- _What you are asked to do_
Would you restate, exactly as they appear, the lines from the one containing "logo at length" through the end of the data below?
# # # #
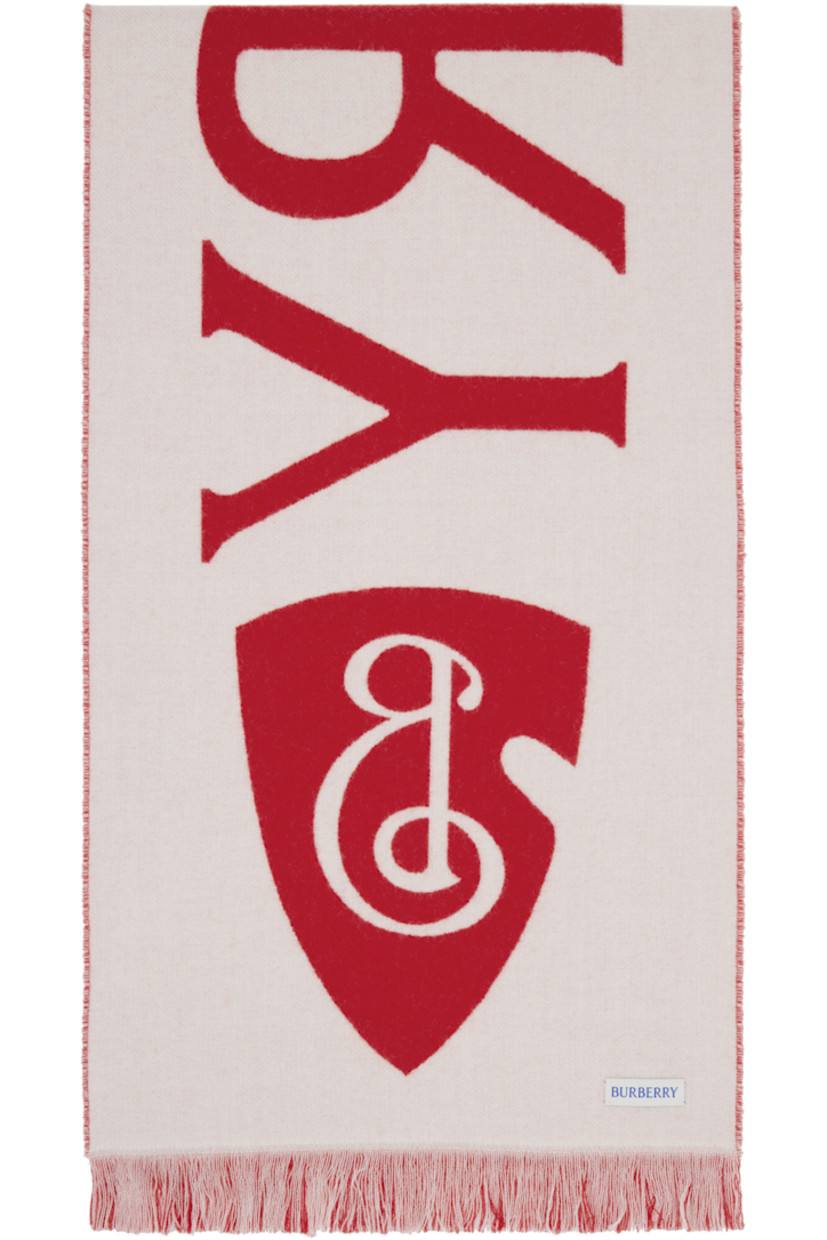 Rectangular wool flannel scarf.

· Jacquard logo at length
· Logo patch at back face
· Fringed detailing at ends
· L66" x W13"

Supplier color: Post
# # # #
- _Exercise answer_
· Jacquard logo at length
· Logo patch at back face
· Fringed detailing at ends
· L66" x W13"

Supplier color: Post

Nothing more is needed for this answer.